TASK ITEM
No pictures go into the copy. Write out exactly the lines below from the one containing "11 ca dương" through the one containing "amazon.in s.r. smith".

SOURCE MATERIAL
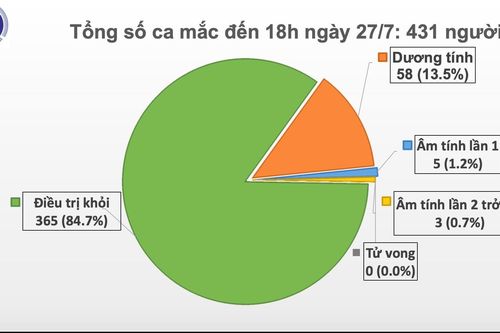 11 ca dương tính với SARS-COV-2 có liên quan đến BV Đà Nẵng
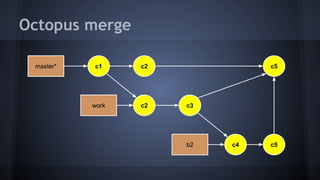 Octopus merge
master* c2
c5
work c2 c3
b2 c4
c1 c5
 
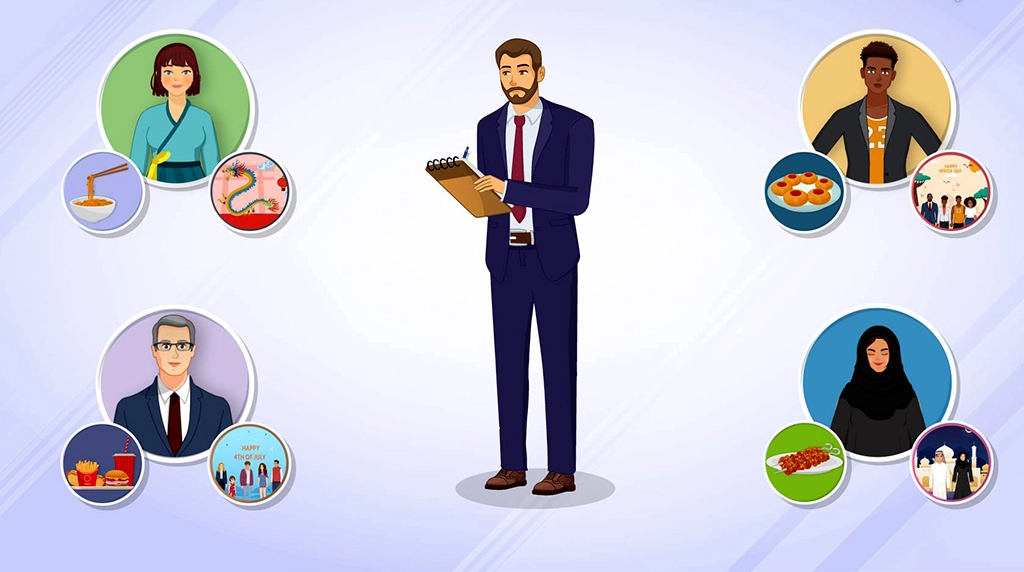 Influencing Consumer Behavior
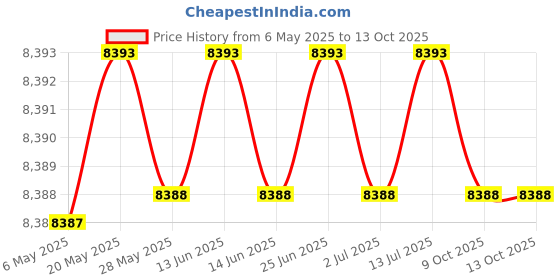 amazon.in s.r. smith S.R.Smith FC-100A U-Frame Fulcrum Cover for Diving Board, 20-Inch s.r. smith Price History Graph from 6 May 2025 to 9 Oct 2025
---
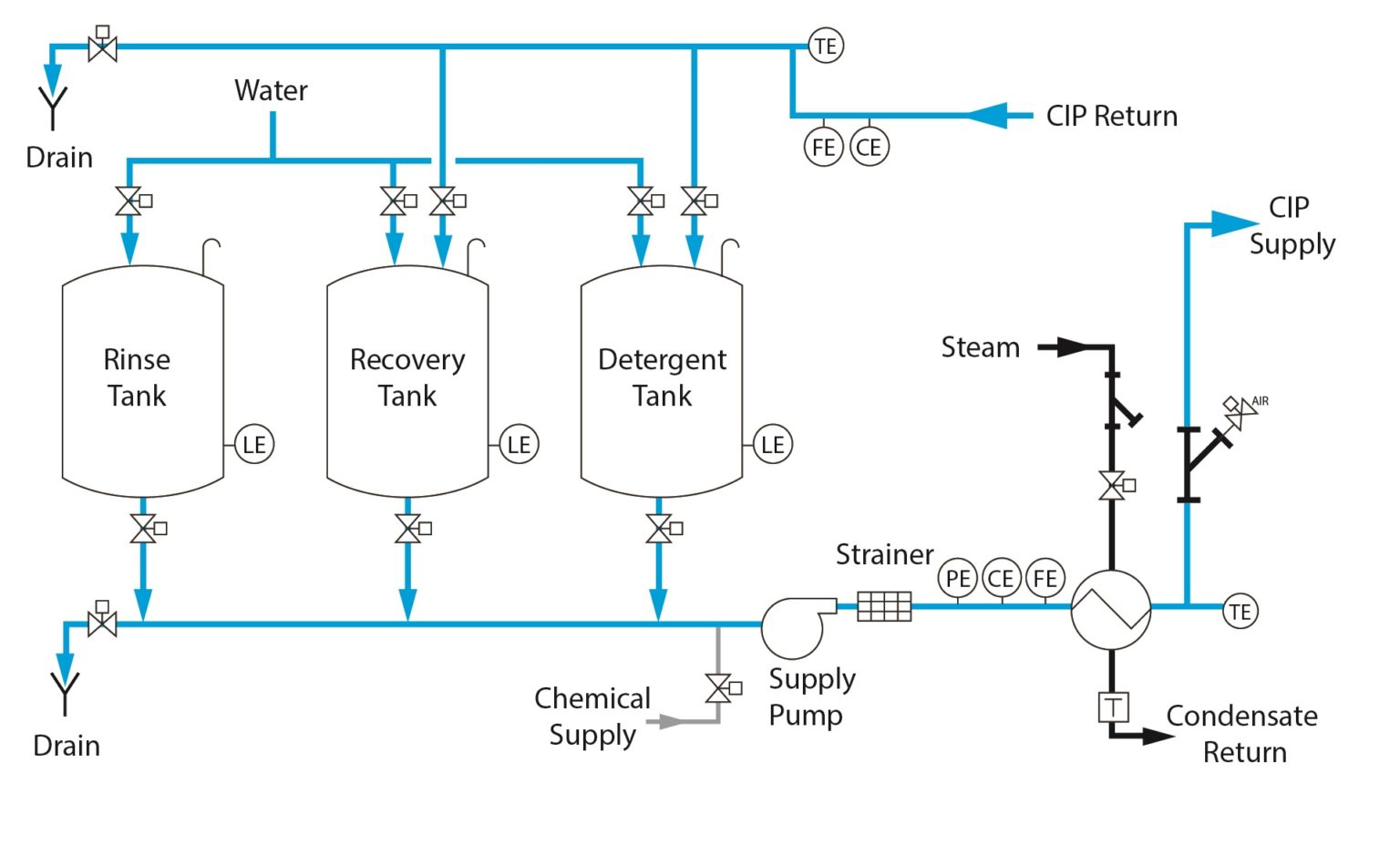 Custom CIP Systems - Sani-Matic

TASK RESULT
 11 ca dương tính với SARS-COV-2 có liên quan đến BV Đà Nẵng
 Octopus merge
master* c2
c5
work c2 c3
b2 c4
c1 c5
 
 Influencing Consumer Behavior
 amazon.in s.r. smith S.R.Smith FC-100A U-Frame Fulcrum Cover for Diving Board, 20-Inch s.r. smith Price History Graph from 6 May 2025 to 9 Oct 2025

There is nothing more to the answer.